The Daily News online reported on 10th October 2019 that about 67% of Egyptian families owned their own housing units, and added that this was one of the highest rates of housing ownership in the world. The interesting thing, according to the story was that “Cairo is one of the highest cities in the world in regard with housing units owned by individuals, recording 60%”. Certainly, there are other house types in other parts of New Cairo, Obour, Shorouk where you’d find high end housing units for the high end income bracket earners.


Intrigued by this, I searched for the availability of rental units and the going rates. The Chief Executive of the Mortgage Finance Fund in Cairo Mai Abdul Hamid is said to have indicated that, “families living in houses with new rent contracts allocate 22.5% of their income for the rent, while those living in houses with old rent allocate only 3% of their income for the rent , according to the study conducted on a number of citizens within the social housing programme. In Accra, people who are on salary of say GHS2,000 are having to spend a minimum of 40% of that on housing alone, another 30% of food and some 30% on transportation leaving nothing for healthcare, children’s education, and family life let alone talk about investment, vacation, etc. What kind of life is that?

Interestingly, we are told that the government and people of Egypt are of the view that the city of Cairo is becoming ugly. They are therefore developing a new Cairo just at the fringes of the old city. Meanwhile, some of the apartments that the city authorities consider old and dilapidated are from time to time brought down and new ones developed in their place by way of ensuring urban renewal.
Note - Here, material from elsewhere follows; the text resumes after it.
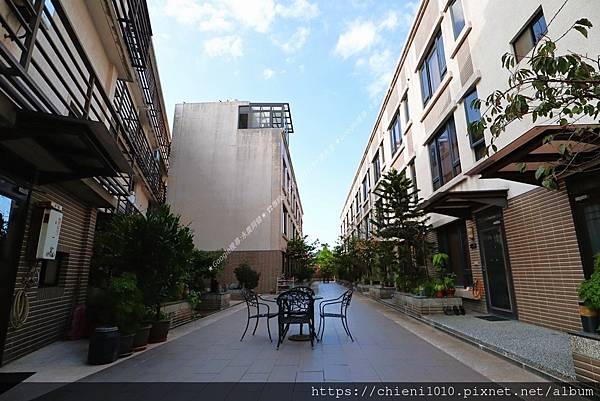 h8寶君有謙No.9_新竹市東大路三段291巷58號~92號;新竹市天府路一段112號~120號 (3).JPG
The urban development and city renewal and control measures being implemented in Cairo are not too difficult to implement. If our government, State authorities and other actors are fully minded with the ultimate welfare of the citizens at heart, we should be able to give to make that wish of Dr Kofi Busia that, “To every GHANAIAN, a JOB; to every WORK, SECURITY; to every FAMILY, a DECENT MEAL and a DECENT HOME; to every PERSON, EQUAL OPPORTUNITY and SOCIAL JUSTICE; to every INDIVIDUAL, THE ESSENTIAL FREEDOM OF SPEECH AND EXPRESSION, FREEDOM OF MOVEMENT and ASSOCIATION, FREEDOM OF CONSCIENCE OF WORSHIP; and to all GHANAIANS, PROGRESS” come true. The good Ghanaian people are not too demanding and this request should be priority for our State actors so that our citizens will be very happy.